Add red pepper flakes to the oil mixture before the zucchini hits the griddle. The heat blooms a little in the oil and gives each bite a gentle kick without covering up the garlic and herbs.

Storage and Reheating

  • Refrigerator: Store leftovers in an airtight container for up to 3 days. The zucchini will soften a bit, but the flavor stays good.
  • Freezer: This doesn’t freeze well. Zucchini releases too much water after thawing and turns mushy.
  • Reheating: Reheat in a skillet or back on the griddle over medium heat just until warmed through. The biggest mistake is using the microwave for too long, which makes the slices collapse and lose the browned edges.

Answers to the Questions Worth Asking

Can I use yellow squash instead of zucchini?+

Yes, yellow squash works the same way. Slice it the same thickness and cook it in a single layer so it browns instead of steaming. If the squash is especially large, trim out any very seedy center because it can go watery faster than zucchini.

How do I keep the zucchini from getting mushy?+

Use medium-high heat and don’t overcrowd the griddle. Mushy zucchini usually means the slices sat in their own moisture too long before browning. Pull them as soon as they’re tender and the edges are golden, because they keep softening after they come off the heat.

Can I make Blackstone griddle zucchini ahead of time?+

You can cook it a few hours ahead, but it’s best served the same day. If you need to hold it, spread it on a sheet pan so the steam escapes instead of trapping in a bowl.

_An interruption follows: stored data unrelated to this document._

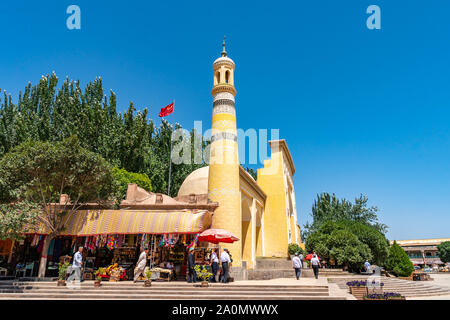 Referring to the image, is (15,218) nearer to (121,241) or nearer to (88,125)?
(121,241)

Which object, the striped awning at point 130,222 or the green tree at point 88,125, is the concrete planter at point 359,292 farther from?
the green tree at point 88,125

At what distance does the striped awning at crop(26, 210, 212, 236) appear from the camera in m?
13.5

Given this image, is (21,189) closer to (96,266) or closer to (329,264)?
(96,266)

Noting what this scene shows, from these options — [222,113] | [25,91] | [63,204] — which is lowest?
[63,204]

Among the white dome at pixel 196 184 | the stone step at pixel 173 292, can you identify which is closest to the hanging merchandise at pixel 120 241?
the stone step at pixel 173 292

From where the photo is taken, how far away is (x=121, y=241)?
1425cm

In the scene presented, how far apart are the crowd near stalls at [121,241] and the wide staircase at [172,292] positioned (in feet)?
7.74

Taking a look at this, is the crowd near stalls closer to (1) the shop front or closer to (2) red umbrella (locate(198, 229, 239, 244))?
(1) the shop front

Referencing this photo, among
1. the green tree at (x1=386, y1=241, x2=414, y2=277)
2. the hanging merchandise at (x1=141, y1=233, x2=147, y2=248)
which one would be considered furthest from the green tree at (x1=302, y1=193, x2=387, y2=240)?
the hanging merchandise at (x1=141, y1=233, x2=147, y2=248)

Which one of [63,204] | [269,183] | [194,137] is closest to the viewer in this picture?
[63,204]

Add the Parmesan and basil just before serving so they stay fresh.

How do I stop the garlic from burning on the griddle?+

Toss the garlic with the oil before it goes on the zucchini so it’s lightly coated and less exposed to direct heat. If your griddle runs hot, keep the garlic pieces small but not minced into paste, since tiny bits burn faster. A little browning is fine; black specks taste bitter.

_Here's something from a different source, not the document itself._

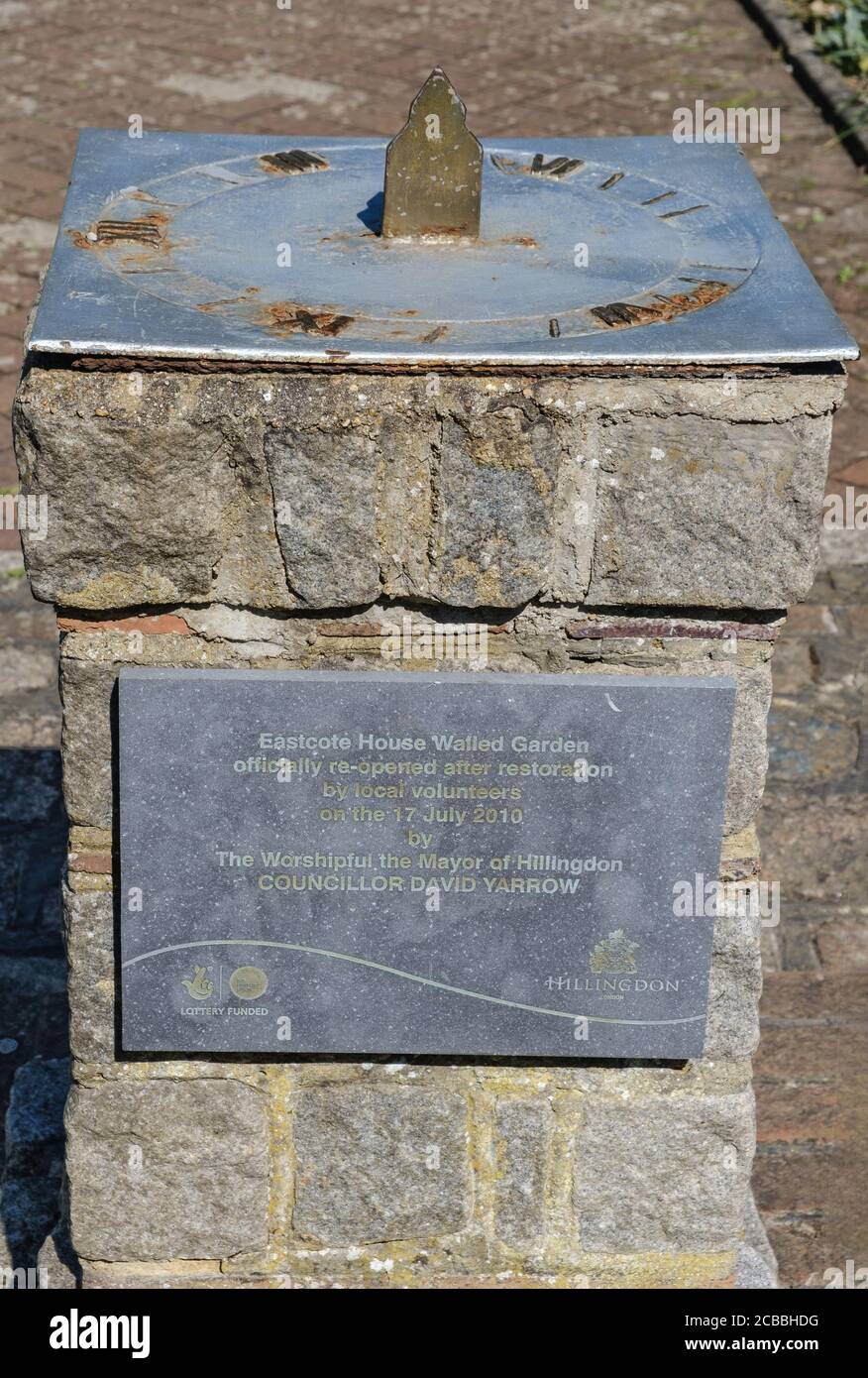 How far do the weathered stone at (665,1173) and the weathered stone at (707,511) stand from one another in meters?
0.70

Can I skip the Parmesan cheese?+

Yes, and the zucchini will still be good. Add a little extra salt and finish with lemon so the flavor still has brightness and balance. Without the cheese, the dish tastes lighter and more vegetable-forward.

Blackstone Griddle Zucchini

Blackstone griddle zucchini with charred, golden-edged 1/4-inch coins and visible seasoning. Quick toss-and-cook method gives tender centers with crisp edges in about 10 minutes.
Prep Time 10 minutes
Cook Time 10 minutes
Total Time 20 minutes
Servings: 4 servings
Course: Side Dish
Cuisine: American
Calories: 190

Ingredients
  

Blackstone Griddle Zucchini
  • 3 zucchini Sliced into 1/4-inch rounds
  • 3 tbsp olive oil
  • 3 cloves garlic Minced
  • 1 tsp Italian seasoning
  • 0.5 tsp salt To taste
  • 0.5 tsp black pepper To taste
  • 0.25 cup Parmesan cheese Grated
  • 2 tbsp fresh basil Chopped
  • lemon wedges For serving

Equipment

  • 1 cast iron skillet

Method
 

Season and prep
  1. Toss zucchini rounds with olive oil, garlic, Italian seasoning, salt, and pepper until evenly coated, with visible seasoning clinging to the coins.
  2. Minced garlic should be ready to go so the zucchini can hit the griddle without delay.
Griddle and finish
  1. Heat the griddle to medium-high heat until hot enough to sizzle when zucchini lands.
  2. Arrange zucchini in a single layer and cook for 4-5 minutes per side until golden and tender, with charred edges where they contact the griddle.
  3. Remove zucchini from the griddle and immediately sprinkle with Parmesan cheese so it melts on the hot edges.
  4. Garnish with fresh basil and serve with lemon wedges for brightness.

Notes

For best char, avoid crowding so each coin makes contact with the surface. Store leftovers in an airtight container in the fridge for up to 3 days; reheat in a hot skillet or on the griddle until warmed through. Freezing isn’t recommended since zucchini can get watery. For a lower-sodium option, use reduced-sodium Parmesan and season lightly with salt.